Benson says attempts to undermine the election are ‘dangerous, racist’
By Anna Liz Nichols
Asssociated Press/ report for America
LANSING, Mich. (AP) — Michigan’s audits of the 2020 general election found that it was was secure and accurate, Secretary of State Jocelyn Benson said Tuesday.
Local clerks checked numbers by comparing the hand-count total of paper ballots to machine-tabulated numbers, Benson said at a news conference. The clerks also examined post-election procedures. More than 1,300 clerks of different political parties and geographic locations conducted 250 audits across the state and all came to the same conclusion: This was the most secure election in state history, she said.
Conspiracy theories asserting that President Joe Biden “stole” the election from former President Donald Trump spread across the country after the election, with Trump stoking the flames even before states had results.
Michigan’s GOP-led Legislature has held numerous committee hearings to examine the validity and security of the election, including a hearing in December where Republican leaders gave Trump’s personal lawyer Rudy Giuliani the floor to talk at length about baseless claims of mass fraud, including that Detroit Democrats created hundreds of thousands of “illegal votes.”
Republican members of the Wayne County Board of Canvassers tried to block the certification of Detroit’s election, saying poll books in some Detroit precincts were out of balance, because absentee ballot books did not match the number of ballots cast.
When auditors of Detroit’s absentee ballot counting board examined the books, they found that local election officials had properly counted 174,000 valid ballots that corresponded to signatures on envelopes that were submitted by registered voters, Benson, a Democrat, said. Only 17 ballots were off, less than one-hundreth of 1% of ballots.
Benson said attempts to undermine the election “are dangerous, racist, and undertaken for personal and political gain.”

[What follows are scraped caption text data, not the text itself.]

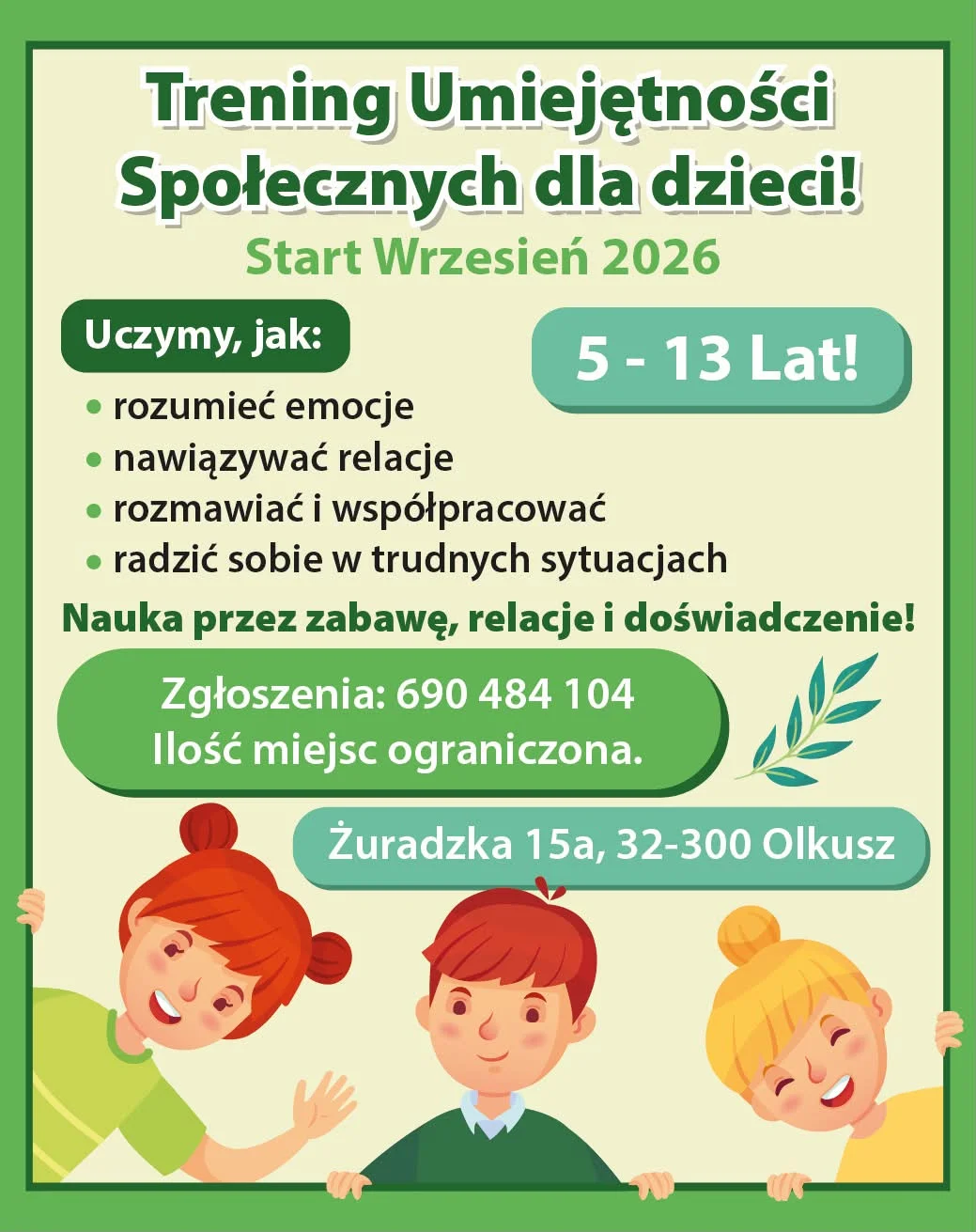 Grafika promocyjna wydarzenia Trening Umiejętności Społecznych dla dzieci
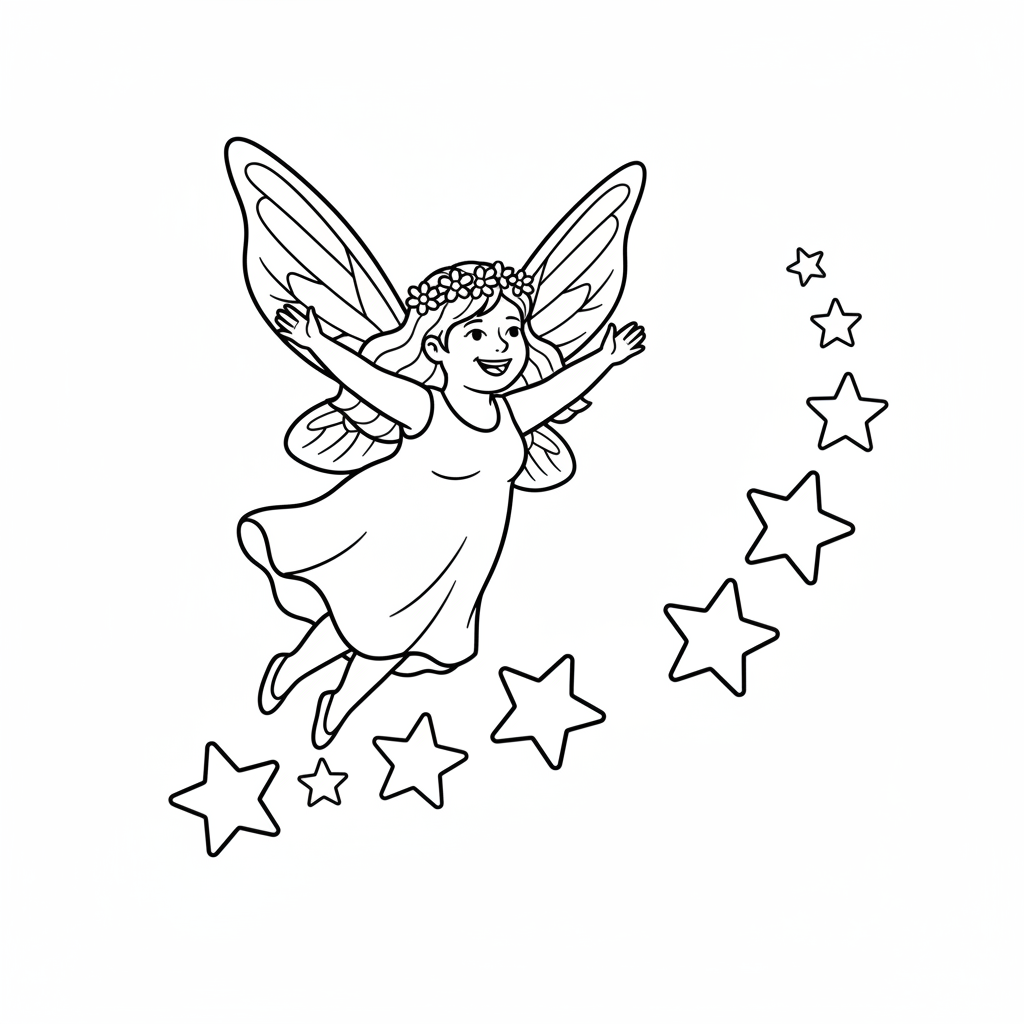 simple fairy with outstretched wings coloring page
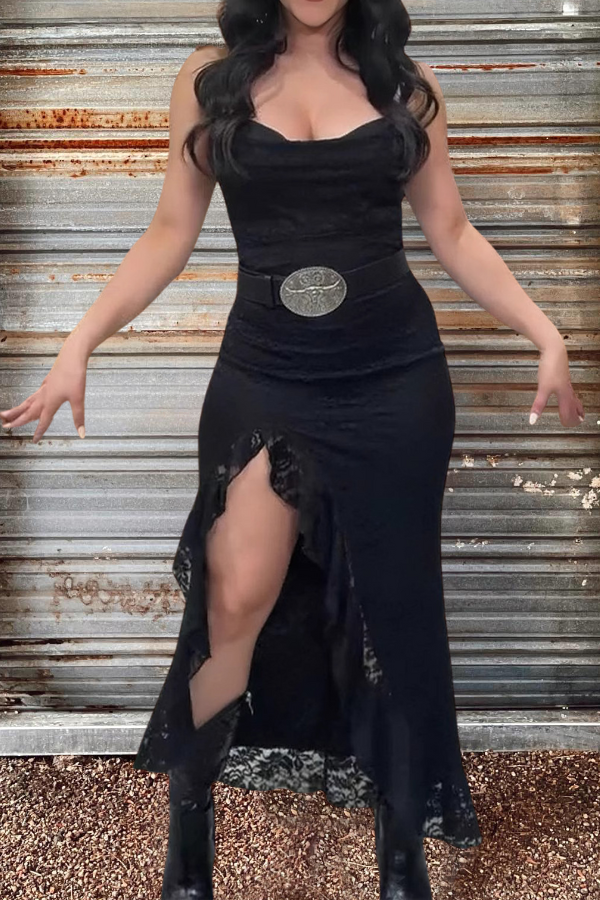 Sleeveless Ruffled Slit Dress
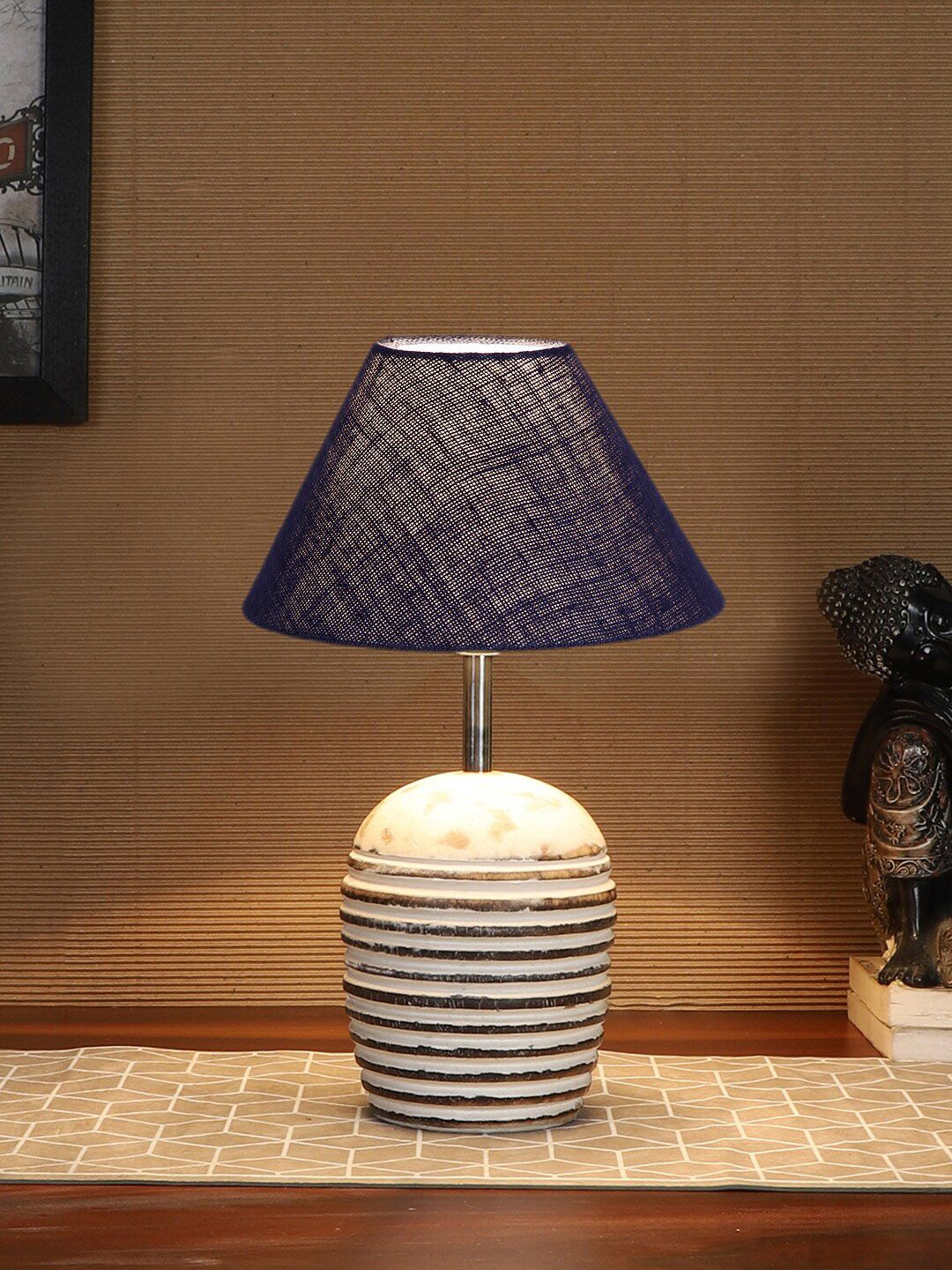 Devansh Blue & Brown Textured Wooden Table Lamp With Cotton Shade-picture-39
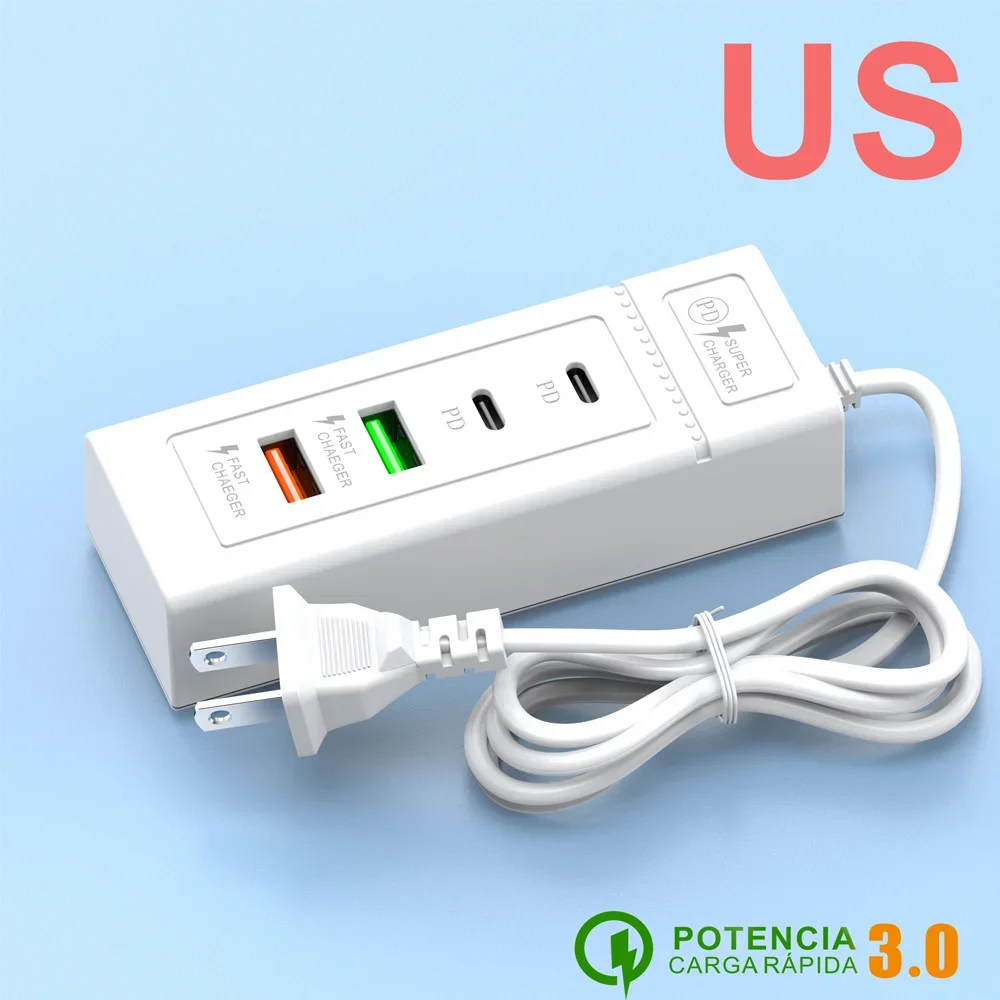 4 في 1 USB PD الفاصل 4 منافذ USB نوع C شحن سريع شاحن الجدار محول متعدد الوظائف شحن سريع QC3.0 مقبس الطاقة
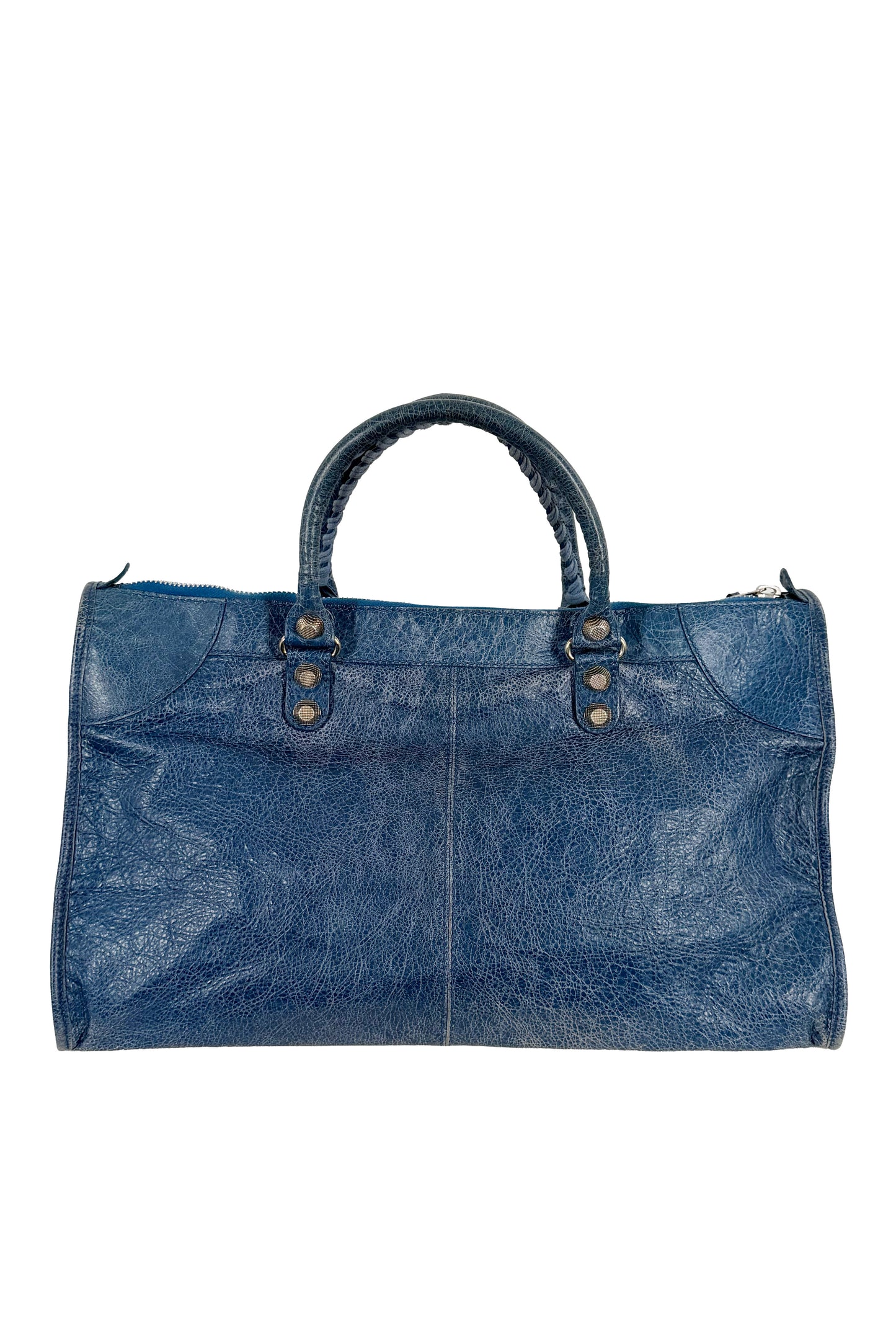 2012 Balenciaga Bleu Cobalt Work Tote Giant 12 Silver Hardware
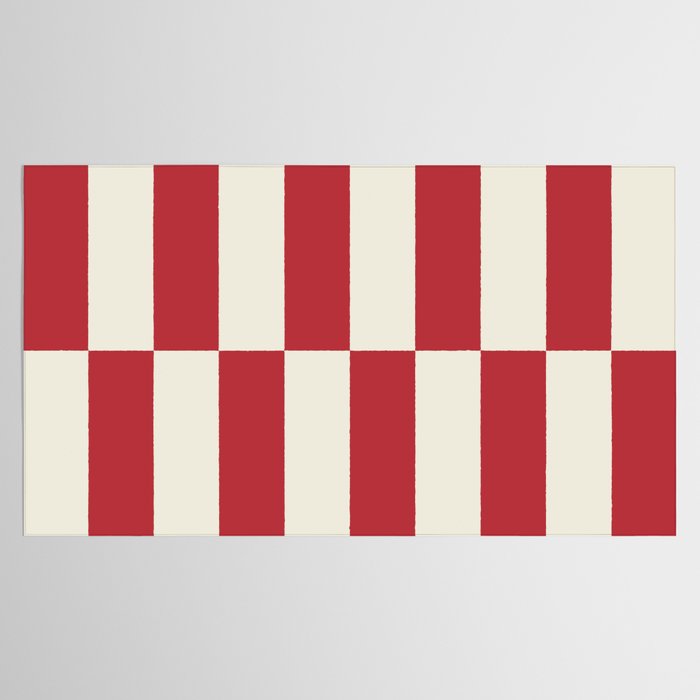 Duo II - Crean and Red Stripes Tablecloth Gallery Image 2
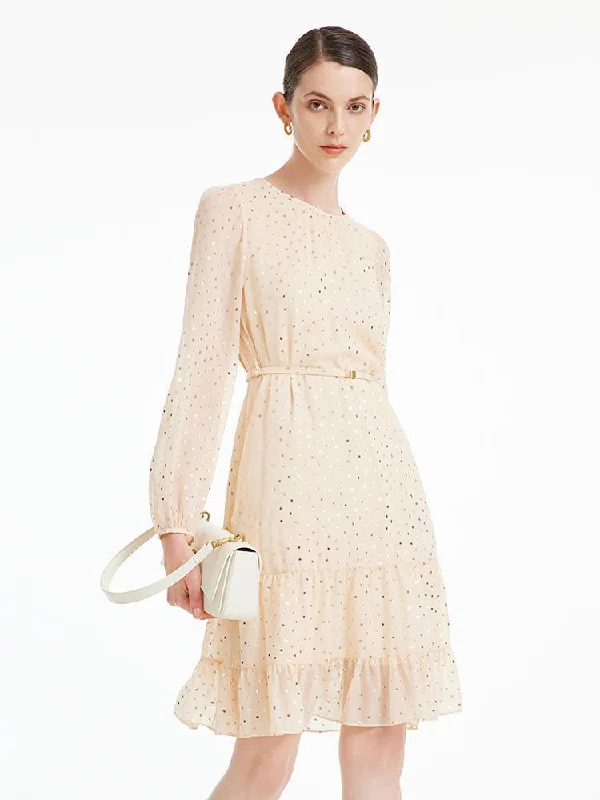 10 Momme Silk Polka Dot Dress With Belt
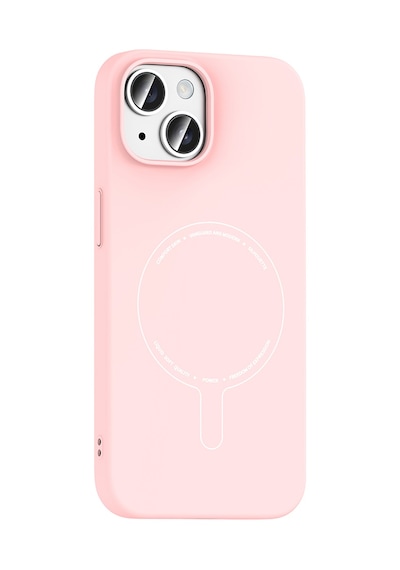 Maks Technology iPhone Uyumlu 15 Kılıf M-safe Şarj Özellikli Kamera Korumalı Mkst Elio Sert Pc Kapak - Açık Pembe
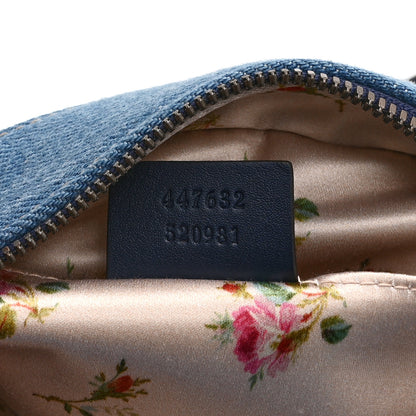 Gucci Denim Matelasse Small Pearly GG Marmont Chain Shoulder Bag Blue 7 of 11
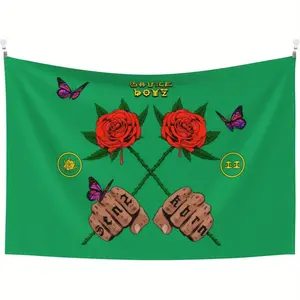 1 piece Eladio Rapper Carrion Music Tapestry Wall Art - Vivid green aesthetic hanging decoration with red roses, butterflies and fist designs, suitable for living room or bedroom, music theme decoration | Vibrant Tapestry Music Room Decoration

“They are also completely meritless, as proven by these audits, and must be treated as such in the future,” Benson said. “No leader or person of power, elected or otherwise, should have ever played political games with the integrity of our elections, but those who did must stop now.”
Benson praised election workers for their hard work and dedication throughout difficult circumstances, including accommodating no-excuse absentee voting and establishing procedures to ensure safety for voters and workers during the coronavirus pandemic.
More than 5.5 million Michigan citizens cast ballots in the election, Benson said, 3.3 million of which were absentee and nearly 30,000 involving people who registered and voted on Election Day.
“Now unfortunately, Michigan’s clerks were still not allowed to celebrate their job well done, nor rest as their work was immediately attacked by the lies, meritless conspiracy theories and uninformed observation of the former president and his supporters,” Benson said.
As a part of her legislative agenda, Benson is pushing lawmakers to allow clerks to begin processing absentee ballots two weeks before Election Day. In the November election, clerks in cities or townships of at least 25,000 people could start processing absentee ballots a day before. She also wants to require that absentee ballots applications be mailed to all registered voters before every federal election.